After Being Mortal, I read his other three books.
Complications is about the incredible complexity of modern medicine. But it’s really about the humanity of the physician. No matter how much skill and training one has, mistakes and failures are inevitable, because the doctors from whom we expect superhuman ability are fallible human beings, just like their patients.
Better is about how to improve doctors’ performance. But it’s really about the importance of character. Doctors have all the training, skill and expertise they require. What’s needed are diligence, the wisdom to do the right thing, and ingenuity. Sometimes I wonder if, in ministry, we are intentional enough about trying to improve our performance, and how we would measure that improvement.
The Checklist Manifesto is about how a simple tool can make an enormous difference.  Gawande argues that medicine’s shortcomings will not be improved by more information. The problem is that there is so much information, it’s beyond the capacity of the human brain to cope with. Gawande helped to develop a simple surgical checklist that has drastically reduced complications and deaths from surgery worldwide.  I wonder what simple tools we could devise in ministry to be more effective at what we already know how to do?
Being Mortal: Medicine and What Matters Most is about the health care system’s inability to deal with the frail elderly and the terminally ill. Modern medicine is about curing disease and fixing what’s broken. But what do you do with someone who cannot be cured or “fixed.” Modern medicine, Gawande argues, is in a state of denial about the basic fact of human existence: we are mortal creatures who eventually break down and die. What does it mean to help people experience the fullest life possible, right up to the very end?
These questions cut to the heart of what we are facing as churches. Like so many of our individual members, many congregations are getting old, breaking down, coming to the end of their life cycle. My work as Presbytery Support Minister has shown me how we tend to discount those congregations because they can’t be “fixed” – and how we fail to nurture the life that is still in them to the full. What "matters most" in the situations in which our churches find themselves?  
But the implications of what Gawande is saying go beyond the issues of terminal illness or frail old age. He’s talking about living a full, rich and meaningful life even as we honestly face of the limitations of our mortality. "What matters most?" is a basic question at every stage of our lives.

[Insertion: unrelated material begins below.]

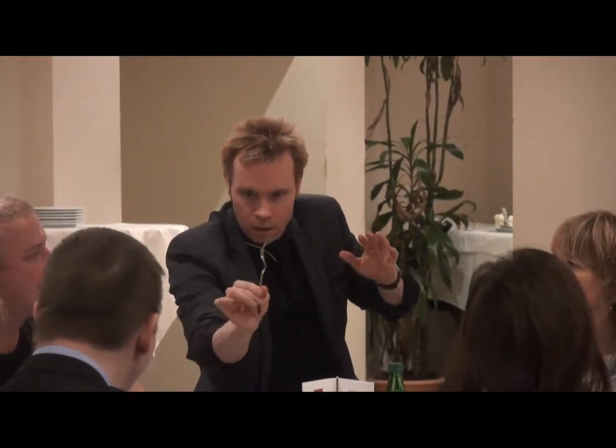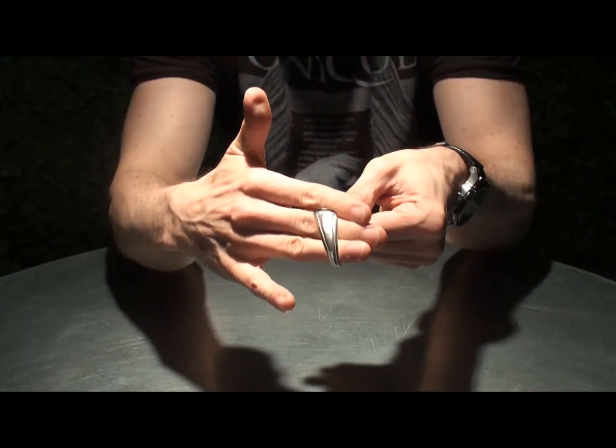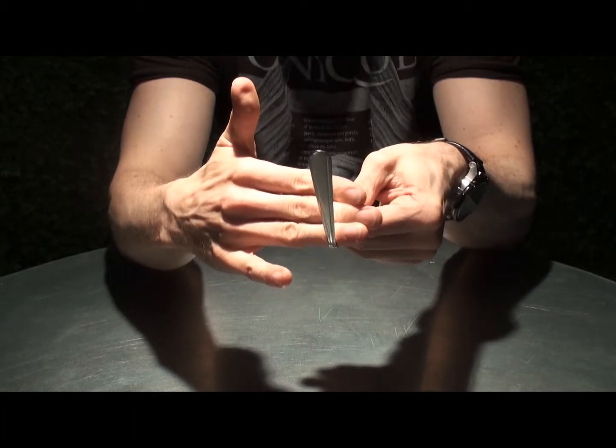Hi, I'm David Penn from WizardFX Productions and these are Liquid Forks. If you're into metal bending, you will know that there's been a serious shortage of the perfect fork for metal bending, whether you're influenced by the work of Streebler, D Christopher, or Banachek — perhaps even myself. These have been very, very difficult to get hold of.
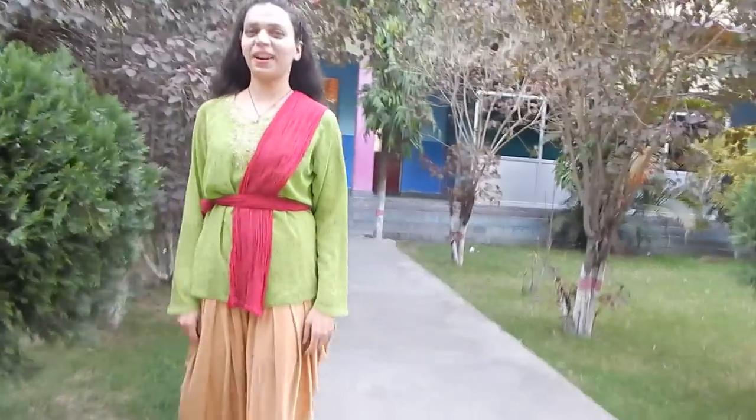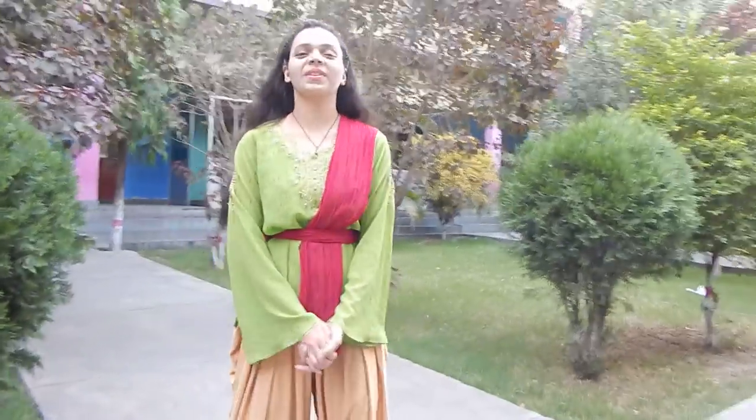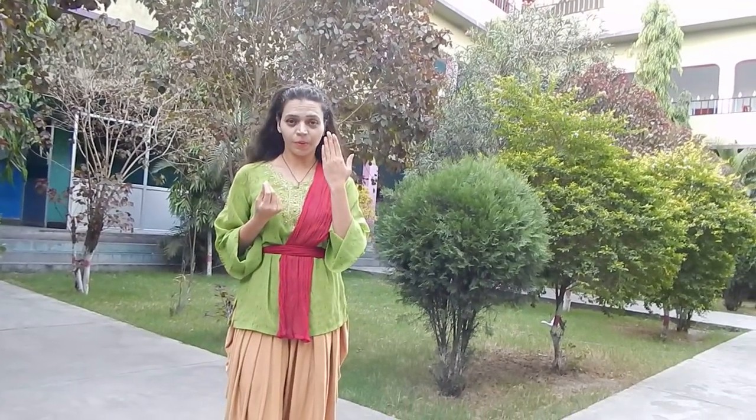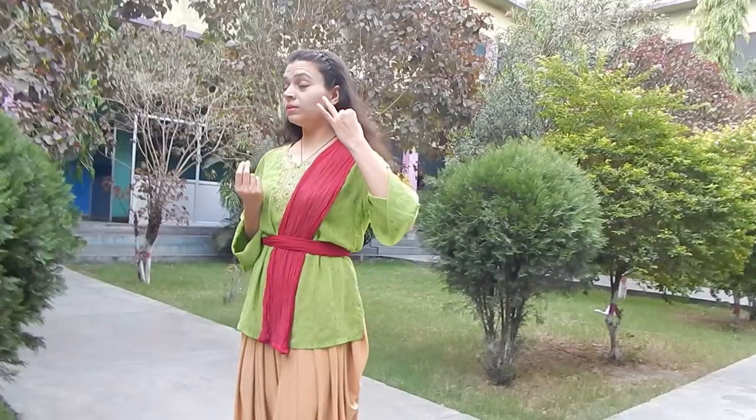Hello and welcome friends in my class again. Today I am here to give you the lesson of eyebrow — how to lift our eyebrow in Kathak. Lifting an eyebrow and moving our eyeballs in Kathak is a very important lesson and we can't miss it.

Surely the Christian community should have something profound to say about this. We claim to have some insights into what matters most . Isn’t mortality one of the great themes of the Bible? Isn’t seeing mortality as a promise to be lived into, not a problem to be fixed, central to the Christian vision? Could renewal in our churches be less about institutional expansion and more about empowering people to engage with these questions in their own lives, especially as our society ages?
Sometimes I think the thing we need to do is read less about what to do about the church’s problems, and ponder more deeply what it means to be human in God’s world. And if we can help people on that journey, we’ll never need to worry about being “relevant.”
In future posts, I’m going to delve further into Atul Gawande’s books. I’d recommend them to anyone. They’re easily accessible and highly interesting and readable.